Making it Count
By: Jim Alseth
You may have noticed the highway graphic that runs through the pages of Great Camping Spots. It symbolizes a theme woven through much of what we do here; that of the journey. During the holiday season perhaps it’s a good time to revisit what Nikki Gumbel of the Alpha Course calls “the first order questions.”
You know the questions I mean. The important ones. You can’t find them on any list, but these are the ones that often keep us awake at night. The ones that shape the course and direction of our lives (or should at least), and that often fail to get addressed because we’re caught in a hamster-wheel of non-stop activity. Yes, those questions. The questions that can give our lives a sense of destiny. It takes courage to ask these questions and it takes even more courage (and not a little resolve) to act upon them.
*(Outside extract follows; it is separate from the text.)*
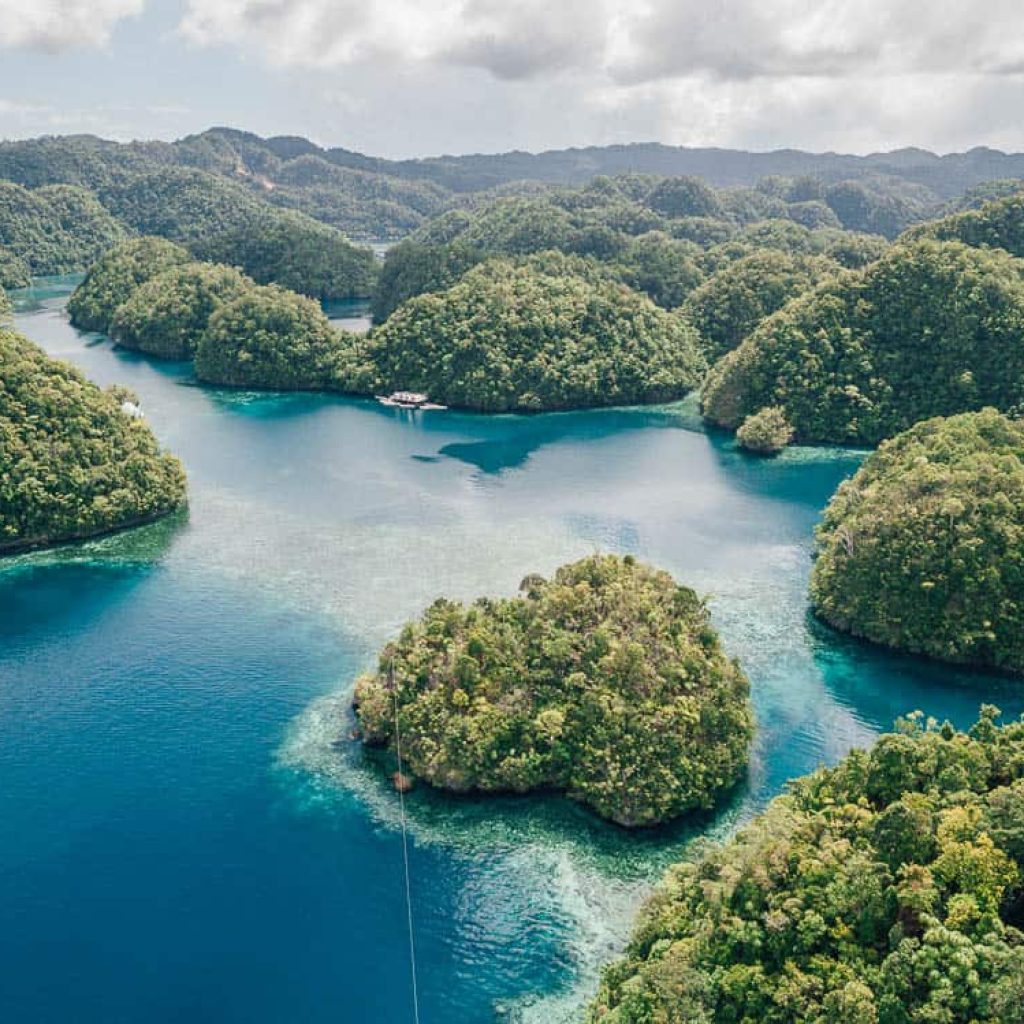 Sohoton Cove Tour from Siargao in Bucas Grande Island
And so cometh my question: Are we entering the New Year with a sense of destiny or does it feel more like “the same old thing,” like continually being forced into a mold that doesn’t fit? In the movie Titanic, Jack Dawson’s first encounter with Rose happens at the stern of the ship, where he averts her attempt at suicide. Later, on deck, she explains “the inertia of her life” just seemed to be all wrong, and she felt powerless to stop it. How often we can feel this way, especially if we have no clear picture of our destiny.
This is where I am gripped by the Old Testament account of the life of Joseph. His trials, his faith and perseverance, and the eventual outcome of a seemingly endless series of difficulties give hope to us all. It’s interesting that Providence gave this historical character more space than any other (in the OT) except perhaps Moses and King David. There are many reasons no doubt, but I believe one of them has to do with this question of finding our destiny. Having an understanding of it can make the difference between a life of meaning, or one of monotony and despair.
A short time later on Titanic, Jack is having dinner with Rose and her first-class acquaintances. After his brilliant defense of his way of life, the whole table will raise their glasses to “making it count.” And so I raise my glass to you at the dawn of a New Year.
To getting a clearer picture of your God-given destiny. To making a difference in the lives of your loved ones and the world around you. To making it count.